June 4, 2010
Amateur Astronomer Spots Flash On Jupiter
An amateur astronomer in Australia reported witnessing a bright flash from an object hitting Jupiter and apparently burning up in the atmosphere.
"When I saw the flash, I couldn't believe it," said amateur astronomer Anthony Wesley. "The fireball lasted about 2 seconds and was very bright."
Wesley, a computer programmer with a good reputation among professional astronomers, recently made professional and amateur sky-gazers aware of the cosmic collision. Another amateur astronomer in the Philippines then confirmed the discovery.
Wesley earned respect last year when he spotted a scar the size of the Pacific Ocean near Jupiter's south pole, which has believed to be caused by an asteroid smacking into the planet.
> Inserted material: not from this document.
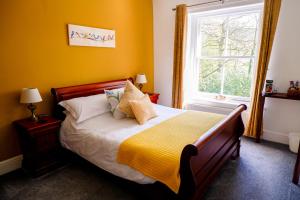 a bedroom with a bed with yellow walls and a window at Greendale Teahouse and Rooms in Chatburn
NASA scientists were able to use an infrared telescope in Hawaii in order to find evidence of Wesley's witnessing.
That latest hit near the equator has not left any visible mark so far, but astronomers are on the lookout.
The absence of a detectable gash and the short impact time leads scientists to believe Jupiter was hit by a meteor.
"We've never seen a meteor slam into Jupiter," Glenn Orton of NASA's Jet Propulsion Laboratory told The Associated Press.
The latest collision should give astronomers a better idea of the size of debris floating in the outer solar system.
Jupiter was bombarded by pieces of the comet Shoemaker Levy 9 in 1994.